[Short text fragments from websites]
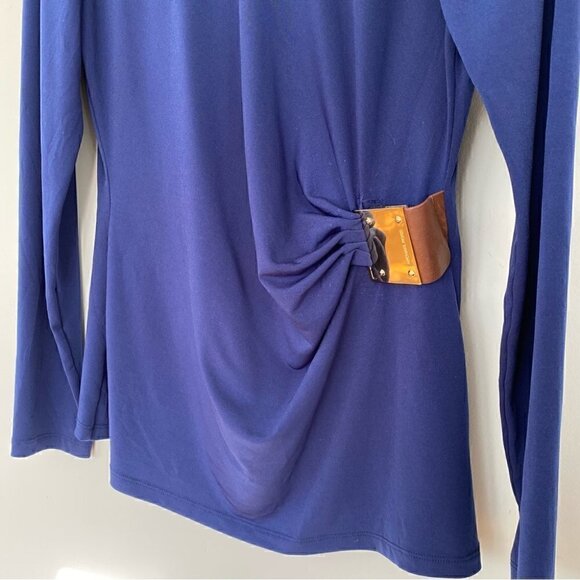 Michael Kors stretch jersey top with crew neckline and  long sleeves - Picture 2 of 10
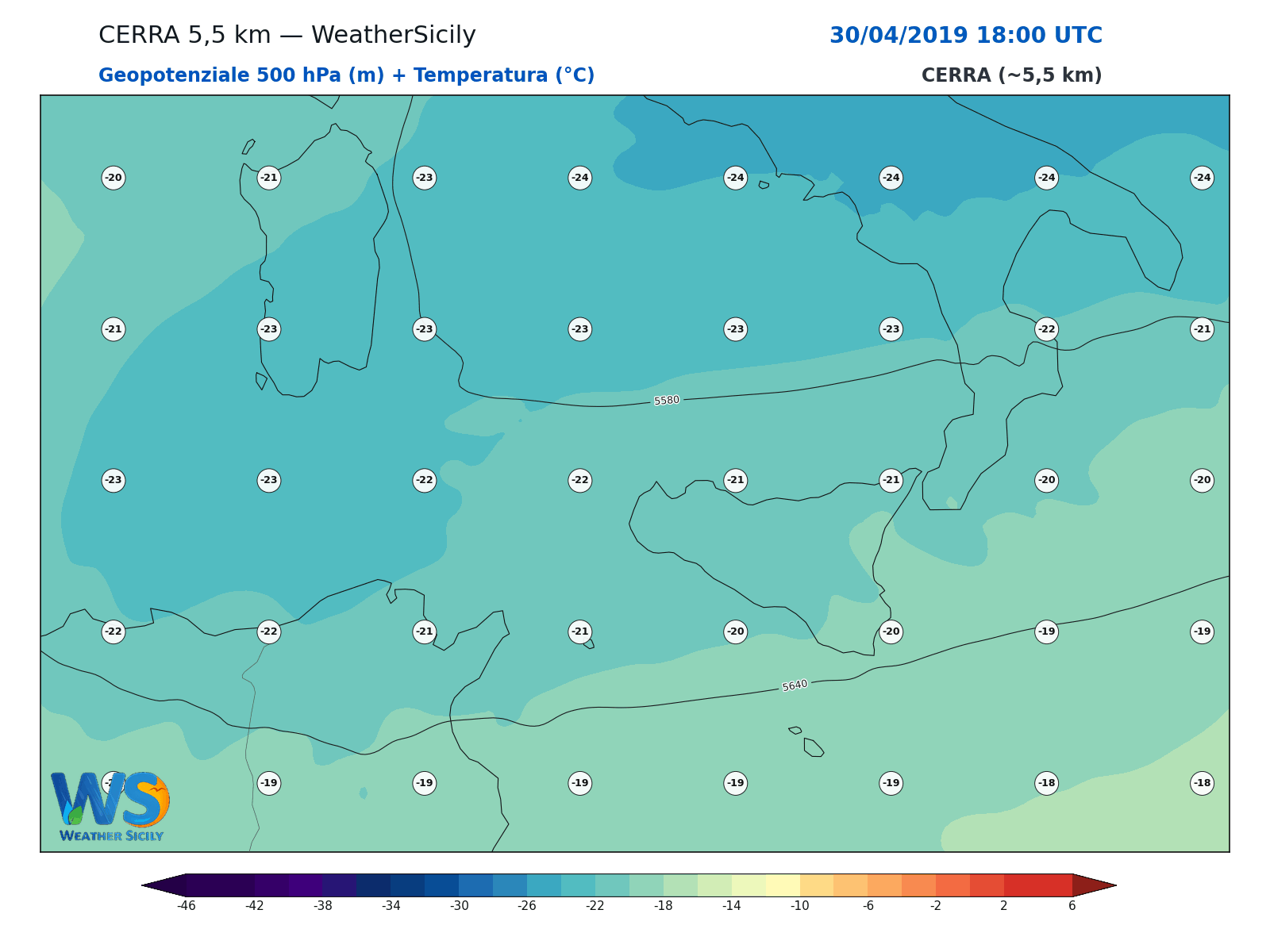 Geopotenziale 500 hPa + Temperatura · 2019043018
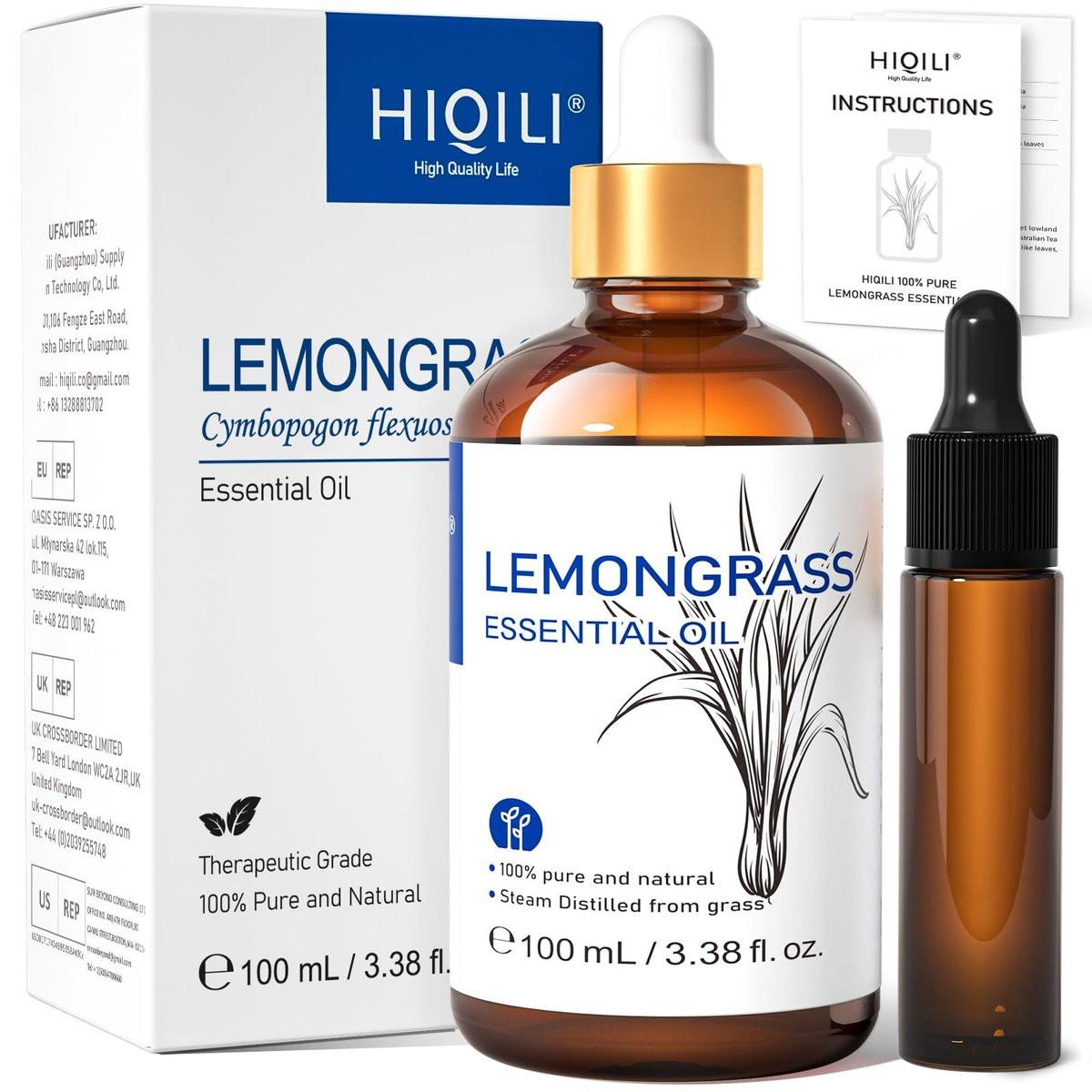 HIQILI Lemongrass Ätherisches Öl, 100% rein natürlich unverdünnt, Premium-Öl - 100 ml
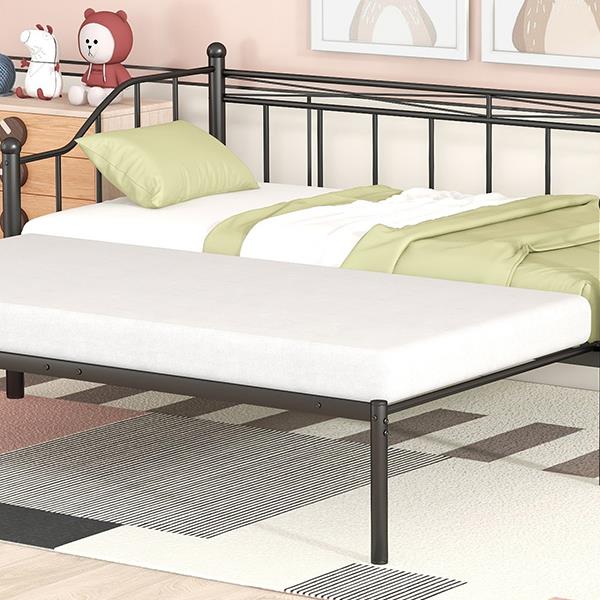 Twin Size Metal Daybed with Trundle, Daybed with Slat No Box required Black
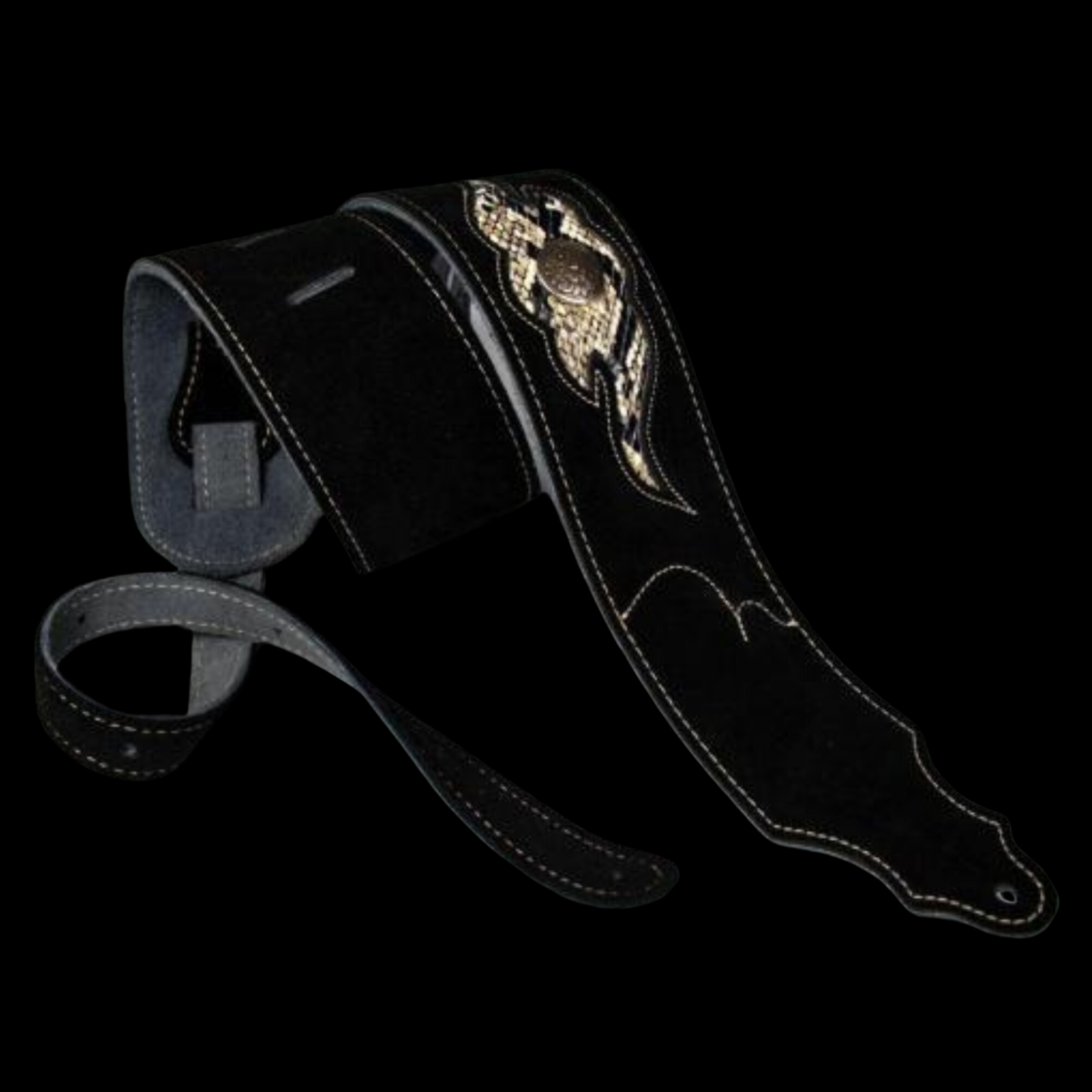 Franklin Straps 3" Sculpted Suede Guitar Strap - Snakeskin Leather - Black - Palen Music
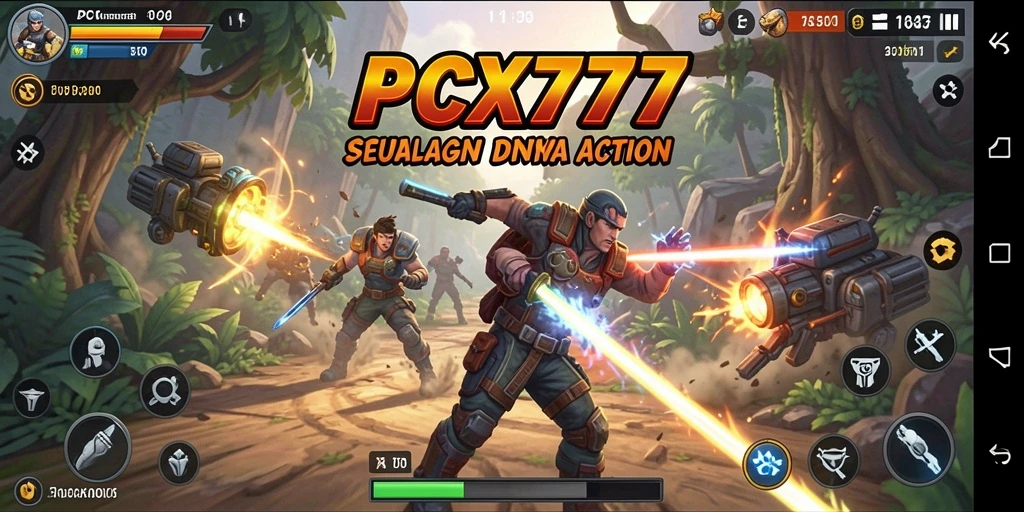 Screenshot gameplay menampilkan aksi mendebarkan dalam PCX777.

▸ **To do**
Could you set down every record above exactly as written, leaving out the pictures?

▸ **Exercise answer**
 Michael Kors stretch jersey top with crew neckline and  long sleeves - Picture 2 of 10
 Geopotenziale 500 hPa + Temperatura · 2019043018
 HIQILI Lemongrass Ätherisches Öl, 100% rein natürlich unverdünnt, Premium-Öl - 100 ml
 Twin Size Metal Daybed with Trundle, Daybed with Slat No Box required Black
 Franklin Straps 3" Sculpted Suede Guitar Strap - Snakeskin Leather - Black - Palen Music
 Screenshot gameplay menampilkan aksi mendebarkan dalam PCX777.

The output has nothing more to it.